29 Yemeni police officers killed in hostage crisis

29 Yemeni police officers killed in hostage crisis

ADEN - Yemeni forces ended a hostage crisis on Monday with 29 police and six civilians dead, a day after the attack claimed by the militant Islamic State group began with suicide bombings, official sources said.

Assailants on Sunday stormed the criminal investigations unit in Aden, the Yemeni government's de facto capital, setting it alight and taking hostages after killing two policewomen.

The attack began on Sunday, when two suicide bombers blew themselves up at the entrances to the criminal investigations unit and the city's security headquarters.

Overnight, the security forces tried three times to seize back the unit, but each time a suicide bomber blew himself up, stopping them from entering, a security official said.

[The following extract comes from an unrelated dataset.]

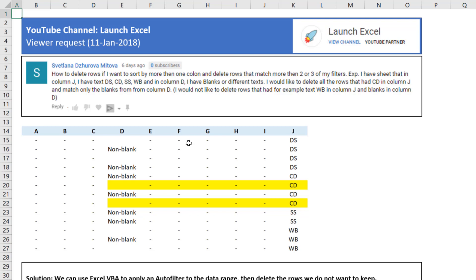A copy of this workbook will be available in the description below the video. I hope you enjoyed this video — stick around for more. See you soon.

A fourth suicide bombing occurred on Monday morning, before the security forces finally brought an end to the standoff in the southern port city.

A total of 29 members of the security forces were killed during the attack and hostage crisis, the official said.

Among them were six police officers whose bodies were found buried under the rubble of the building along with six civilians, including two children.

“The security forces have managed to enter the building and clear it of the elements of evil and terrorism,” said the interior ministry of President Abedrabbo Mansour Hadi's internationally recognised government.

The bullet-riddled bodies of three assailants were also found in the rubble, the security official said.

The attack was claimed by IS in a statement released online on Sunday.

IS and its extremist rival Al Qaeda have taken advantage of the war between the Saudi-backed government and Huthi rebels allied with Iran to bolster their presence across much of south Yemen.

The Hadi government has been based in Aden since the Huthis drove it out of the capital Sanaa in 2014.

More than 8,650 people have been killed in Yemen since Saudi Arabia and its allies joined the war in 2015 to support government forces, according to the World Health Organisation.